In November of 2008, three groups of men in Kandahar, Afghanistan rode by and sprayed burning acid onto the faces of about 15 young girls and female teachers in an apparent attempt to keep them from going to school.
The girls were badly burnt and scarred, one was even flown into India to treat her wounds. But I won‘t focus on that in this week‘s article.
I have a tendency to fixate on what people are doing wrong, how much I hate some people, how stupid I think others are. But when there is someone to criticize, there is usually someone to applaud as well.
Men rode by and sprayed burning acid onto the faces of 15 girls. So, avoid the criticism. What positive things can you say about this situation?
Mehmood Qaderi is the principal of Mirwais Mena, the girl‘s school where the attacks happened. Qaderi deserves a standing ovation. Four days passed and the school that housed 1,500 students remained empty. The principle requested that the students‘ parents attend a meeting to discuss the vacancies in the school, and the necessity to fill them. But the parents were really shaken by the attacks and in the next few days, only a few students came back to school.
Still, Qaderi went out of his way to make sure the girls came back to school. Not only that, he wanted them to feel safe; he contacted the local government and requested buses for the students to use, and for police to station outside the school and on the roads the students take to Mirwais Mena. In an environment where violence is used against those who dispute the old ways, Qaderi is making a bold statement by being so adamant on educating the girls.
He is quoted saying, “I explained to the parents that if you do not send your girls to school, it means you are losing and the enemies are winning.“
In recent Afghan history, women wouldn‘t get this kind of support from men, at least not openly. I commend Mr. Qaderi on his attitude not only toward education, but specifically toward women‘s education.
This kind of hero commonly goes unnoticed. Similar to Grace Lorch, the white woman who escorted the lone “Little Rock Nine“ student onto the bus on her way to a freshly integrated school in 1957, Qaderi stands up and against the norm to do what is right. It‘s a big milestone in Afghanistan‘s (recent) history to have this kind of societal progression.
Mr. Qaderi states another simple and thoughtful truth: “Education is the way to improve our society.“ Qaderi symbolizes a hopeful, new generation of native Afghans that breaks from the conservative, irrational ideologies of past governments. It‘s difficult in a peace-deprived country to find time to progress and improve the society and culture, but luckily there are people like this small town school principle to ensure that any opportunities to do so are not wasted or taken from them by fear.
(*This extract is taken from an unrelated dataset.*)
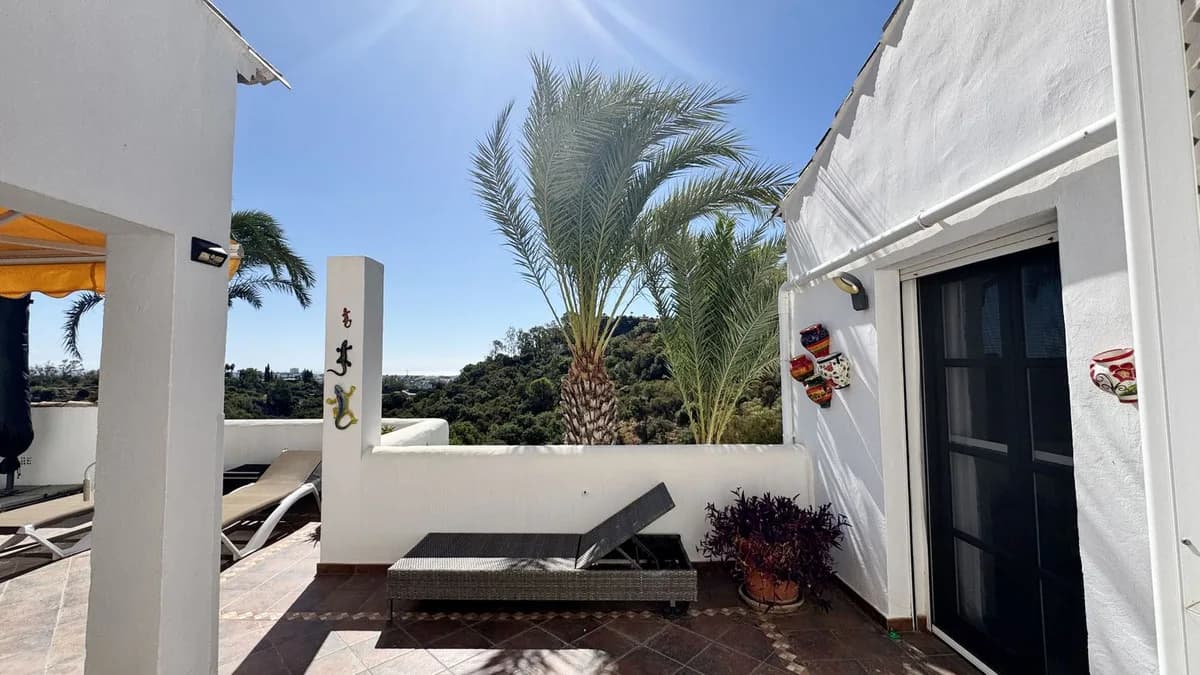 4 Bedroom Top Floor Apartment for Sale in Los Almendros, Málaga - Image 3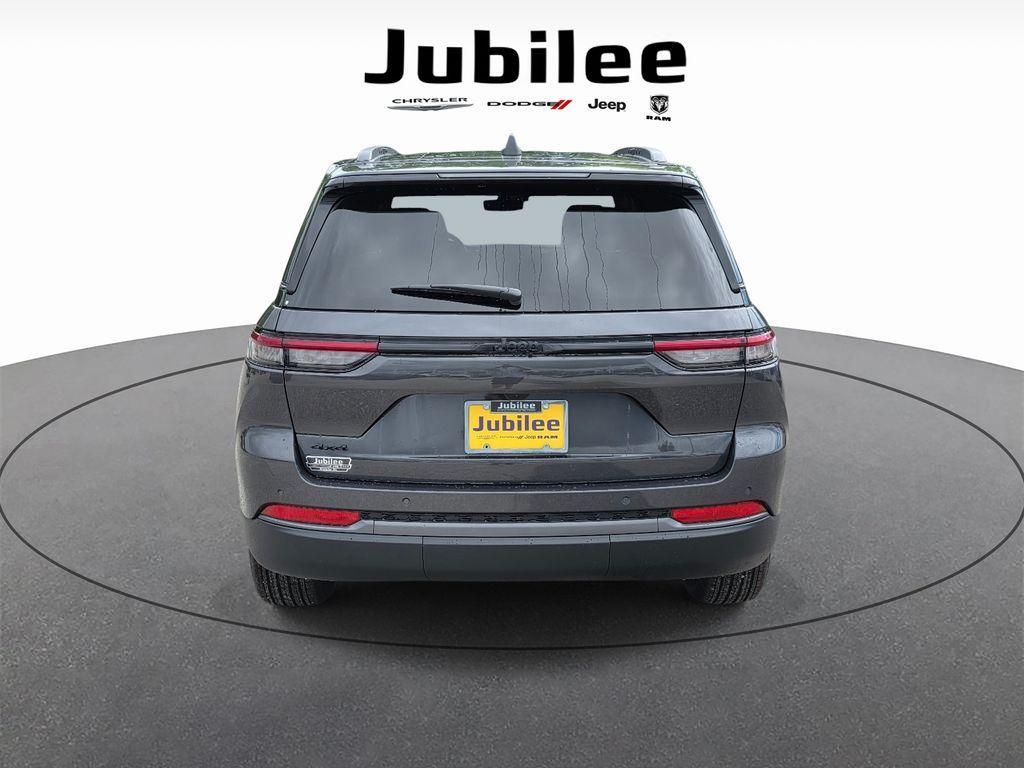 new 2026 Jeep Grand Cherokee car, priced at $46,695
Afghanistan has been in war on and off since the 1970s, from the invasion of the Soviet Union to the civil war, to the highly publicized removal of the Taliban in 2001. But quite frankly, because of the high media coverage and America‘s self-delegated responsibility to save the world, I expect that Afghanistan is forced to continue to progress like this.
Most first and second generation Afghan Americans are now old enough to be conscious of what is happening in their country, and educated enough to be able to do something about it.
I hope we can look to people like Mehmood Qaderi as examples of how to better Afghanistan and to avoid lapsing into another drawn out period of war.